Eentje daarvan was in de jaren '90 die van de tot Belg genaturaliseerde Andrei Tchmil en Johan Museeuw. In de Belgische Sport/Voetbalmagazine blikt eerstgenoemde terug op de duels die ze uitvochten. De voorhistorie was dat de Tchmil vertrok bij de ploeg GB-MG, waar Museeuw kopman was, en bij Lotto voor eigen kans ging rijden.

"Na mijn vertrek naar Lotto werd de strijd met Museeuw in de media opgefokt. Ik was een zwartepiet, een verrader. Johan werd opgehemeld, ik verguisd. Hij de engel, ik de duivel. Ik haalde er een bijzondere extra motivatie uit."

In 2000 kwam dat tot een climax. Tchmil was al 37 en de jaren begonnen te tellen. Met de Ronde van Vlaanderen miste er duidelijk een koers op zijn fraaie palmares (onder andere toen al met Milaan-Sanremo en Parijs-Roubaix).

"De Ronde van Vlaanderen in 2000, daar kan niets tegenop. Het was een obsessie, levensgroot als een wolkenkrabber in New York. Ik droomde het hele jaar door van de Ronde. Ik zou nooit rusten of afscheid nemen als profrenner zonder die koers op mijn naam te hebben geschreven."

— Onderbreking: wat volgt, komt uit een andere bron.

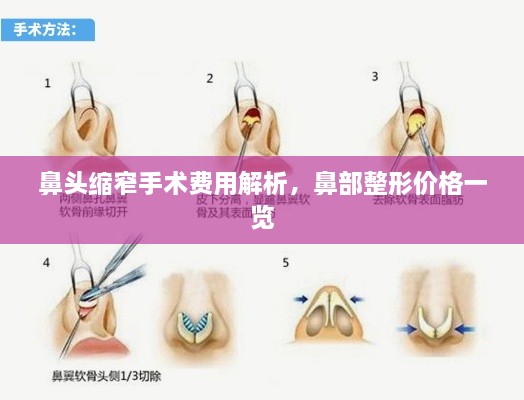 鼻头缩窄手术费用解析，鼻部整形价格一览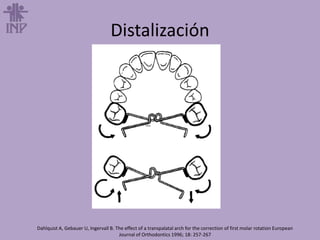 Distalización
Dahlquist A, Gebauer U, Ingervall B. The effect of a transpalatal arch for the correction of first molar rotation European
Journal of Orthodontics 1996; 18: 257-267
 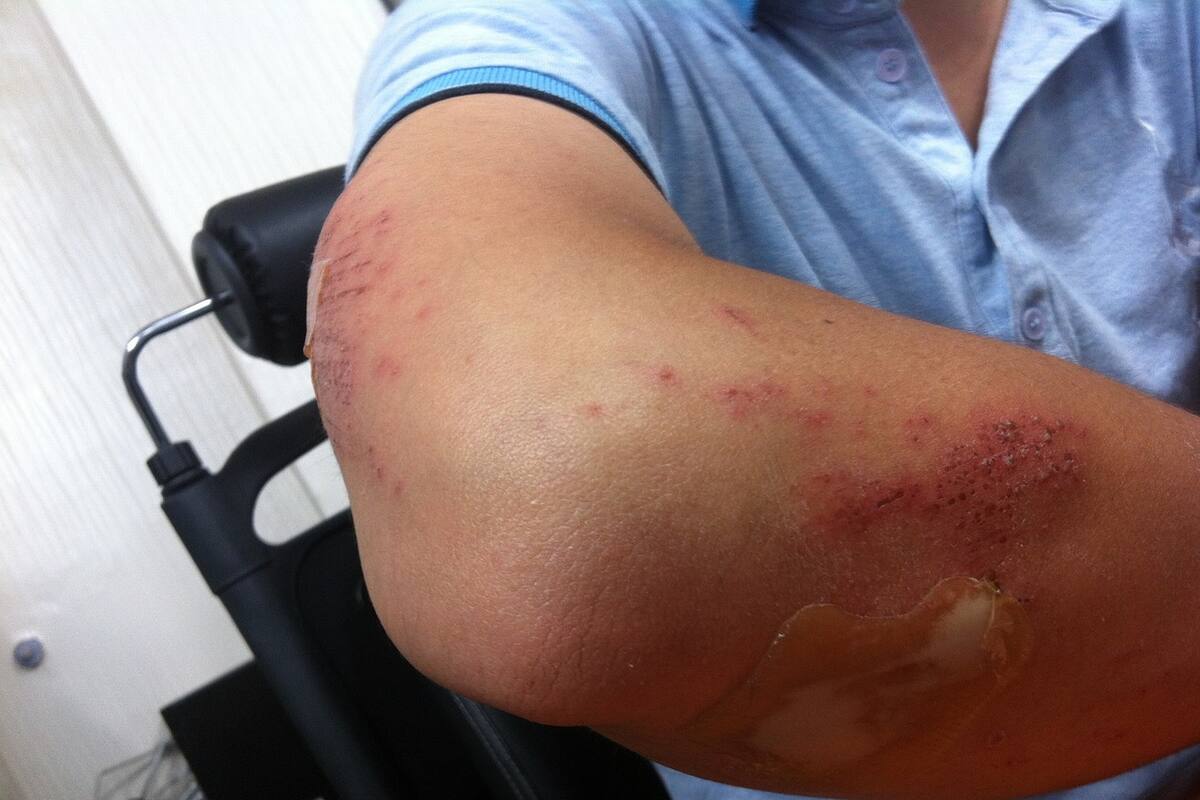 Hombre se encuentra grave tras golpiza recibida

Dat lukte en misschien wel met hulp van Museeuw; alleen dan niet de echte. Je kent misschien het filmpje van schaatser Shani Davis wel, die z'n huis laat zien en een fotootje van concurrent Erben Wennemars op z'n koelkast had geplakt ter motivatie om van het vette eten af te blijven.

Tchmil pakte het nog wat grooster aan. "Geen training was me te veel, ik wilde winnen zoals Museeuw eerder had gedaan. In mijn garage had ik toen zelfs een levensgrote poster van hem hangen."